Below are some entries. Repeat exactly the lines from the one with "Amaury Trevino - Go" through the one with "Cover Image for", and only those.

[INFORMATION SHOWN Boundary: Start]

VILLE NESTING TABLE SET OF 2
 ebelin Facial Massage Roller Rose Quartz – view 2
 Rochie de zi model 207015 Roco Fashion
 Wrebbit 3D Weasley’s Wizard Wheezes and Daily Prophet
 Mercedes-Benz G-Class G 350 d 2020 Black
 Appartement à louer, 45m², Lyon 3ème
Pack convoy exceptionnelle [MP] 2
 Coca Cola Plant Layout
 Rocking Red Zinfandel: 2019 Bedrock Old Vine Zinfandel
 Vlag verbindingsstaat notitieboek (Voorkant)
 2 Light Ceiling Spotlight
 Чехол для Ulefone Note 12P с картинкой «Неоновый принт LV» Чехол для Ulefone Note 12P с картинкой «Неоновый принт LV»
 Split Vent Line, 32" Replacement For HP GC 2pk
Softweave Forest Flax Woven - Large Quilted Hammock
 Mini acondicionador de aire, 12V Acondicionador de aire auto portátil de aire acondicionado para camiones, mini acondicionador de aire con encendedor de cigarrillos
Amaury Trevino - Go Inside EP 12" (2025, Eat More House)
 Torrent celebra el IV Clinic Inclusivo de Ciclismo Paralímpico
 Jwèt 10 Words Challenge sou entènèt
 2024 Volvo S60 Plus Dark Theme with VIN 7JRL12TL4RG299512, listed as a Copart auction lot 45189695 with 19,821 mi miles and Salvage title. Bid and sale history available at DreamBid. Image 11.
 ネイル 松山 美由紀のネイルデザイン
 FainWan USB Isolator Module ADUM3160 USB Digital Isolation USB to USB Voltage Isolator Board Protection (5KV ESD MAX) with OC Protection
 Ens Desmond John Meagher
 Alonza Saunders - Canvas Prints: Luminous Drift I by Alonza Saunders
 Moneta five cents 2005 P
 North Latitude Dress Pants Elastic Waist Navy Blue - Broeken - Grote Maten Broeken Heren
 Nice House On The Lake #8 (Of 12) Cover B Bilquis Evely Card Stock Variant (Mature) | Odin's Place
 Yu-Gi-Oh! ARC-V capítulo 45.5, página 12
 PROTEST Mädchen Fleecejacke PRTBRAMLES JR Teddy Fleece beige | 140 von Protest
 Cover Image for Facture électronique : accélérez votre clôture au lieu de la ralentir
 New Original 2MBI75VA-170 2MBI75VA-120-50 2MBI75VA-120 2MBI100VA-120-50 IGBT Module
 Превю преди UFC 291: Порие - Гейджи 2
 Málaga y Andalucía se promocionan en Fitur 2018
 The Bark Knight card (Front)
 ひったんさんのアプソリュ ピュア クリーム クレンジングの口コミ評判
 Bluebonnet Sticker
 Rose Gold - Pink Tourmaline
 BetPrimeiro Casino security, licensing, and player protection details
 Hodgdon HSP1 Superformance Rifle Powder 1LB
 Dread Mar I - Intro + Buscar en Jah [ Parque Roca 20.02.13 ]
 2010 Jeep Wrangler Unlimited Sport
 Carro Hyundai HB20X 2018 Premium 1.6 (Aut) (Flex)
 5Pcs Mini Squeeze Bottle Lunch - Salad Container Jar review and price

[INFORMATION SHOWN Boundary: End]

OUTPUT BELOW:
Amaury Trevino - Go Inside EP 12" (2025, Eat More House)
 Torrent celebra el IV Clinic Inclusivo de Ciclismo Paralímpico
 Jwèt 10 Words Challenge sou entènèt
 2024 Volvo S60 Plus Dark Theme with VIN 7JRL12TL4RG299512, listed as a Copart auction lot 45189695 with 19,821 mi miles and Salvage title. Bid and sale history available at DreamBid. Image 11.
 ネイル 松山 美由紀のネイルデザイン
 FainWan USB Isolator Module ADUM3160 USB Digital Isolation USB to USB Voltage Isolator Board Protection (5KV ESD MAX) with OC Protection
 Ens Desmond John Meagher
 Alonza Saunders - Canvas Prints: Luminous Drift I by Alonza Saunders
 Moneta five cents 2005 P
 North Latitude Dress Pants Elastic Waist Navy Blue - Broeken - Grote Maten Broeken Heren
 Nice House On The Lake #8 (Of 12) Cover B Bilquis Evely Card Stock Variant (Mature) | Odin's Place
 Yu-Gi-Oh! ARC-V capítulo 45.5, página 12
 PROTEST Mädchen Fleecejacke PRTBRAMLES JR Teddy Fleece beige | 140 von Protest
 Cover Image for Facture électronique : accélérez votre clôture au lieu de la ralentir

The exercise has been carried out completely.